Thread overview
Perl6 Unicode support
May 11, 2016
Guillaume Chatelet
Jun 11, 2016
Andrew Godfrey
Jun 11, 2016
ag0aep6g
Jun 11, 2016
Andrew Godfrey
Jun 11, 2016
ag0aep6g
Jun 12, 2016
Andrew Godfrey
Jun 12, 2016
ag0aep6g
Jun 12, 2016
Andrew Godfrey
May 11, 2016
It looks good:
https://perl6advent.wordpress.com/2015/12/07/day-7-unicode-perl-6-and-you/
June 11, 2016
On Wednesday, 11 May 2016 at 12:11:32 UTC, Guillaume Chatelet wrote:
> It looks good:
> https://perl6advent.wordpress.com/2015/12/07/day-7-unicode-perl-6-and-you/

Especially, it works in graphemes, and ".codes" lets you count code points. The article isn't even mentioning "code units".

OTOH, it mentions both graphemes and grapheme clusters, without much distinction. So I'm not exactly sure which is the default focus.
June 11, 2016
On 06/11/2016 06:47 PM, Andrew Godfrey wrote:
> OTOH, it mentions both graphemes and grapheme clusters, without much
> distinction. So I'm not exactly sure which is the default focus.

What distinction is there to be made? As far as I understand, a grapheme cluster is a sequence (or cluster) of code points that together represent one grapheme.
June 11, 2016
On Saturday, 11 June 2016 at 18:33:04 UTC, ag0aep6g wrote:
> On 06/11/2016 06:47 PM, Andrew Godfrey wrote:
>> OTOH, it mentions both graphemes and grapheme clusters, without much
>> distinction. So I'm not exactly sure which is the default focus.
>
> What distinction is there to be made?

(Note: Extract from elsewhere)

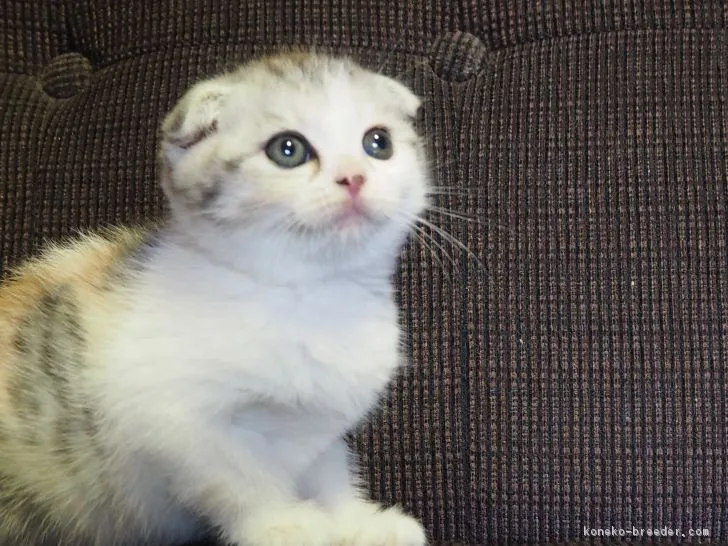 ID:1702-00322の子猫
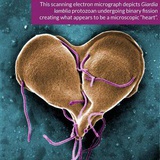 大王喊我取名字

As far as I understand, a grapheme cluster is a sequence (or cluster) of code points that together represent one grapheme.

That's the distinction, yes. The article mentions both in a way that makes me unsure if Perl 6 confused the terms (or maybe it's just the article that isn't being clear).
June 11, 2016
On 06/11/2016 09:25 PM, Andrew Godfrey wrote:
> That's the distinction, yes. The article mentions both in a way that
> makes me unsure if Perl 6 confused the terms (or maybe it's just the
> article that isn't being clear).

But how would you "focus" on one or the other?
Is there any operation that works differently on graphemes than on grapheme clusters?
Counting/skipping/extracting graphemes is the same as counting grapheme clusters, no?
June 12, 2016
On Saturday, 11 June 2016 at 19:43:45 UTC, ag0aep6g wrote:
> On 06/11/2016 09:25 PM, Andrew Godfrey wrote:
>> That's the distinction, yes. The article mentions both in a way that
>> makes me unsure if Perl 6 confused the terms (or maybe it's just the
>> article that isn't being clear).
>
> But how would you "focus" on one or the other?
> Is there any operation that works differently on graphemes than on grapheme clusters?
> Counting/skipping/extracting graphemes is the same as counting grapheme clusters, no?

Eg it says ".chars returns the number of characters (aka graphemes)"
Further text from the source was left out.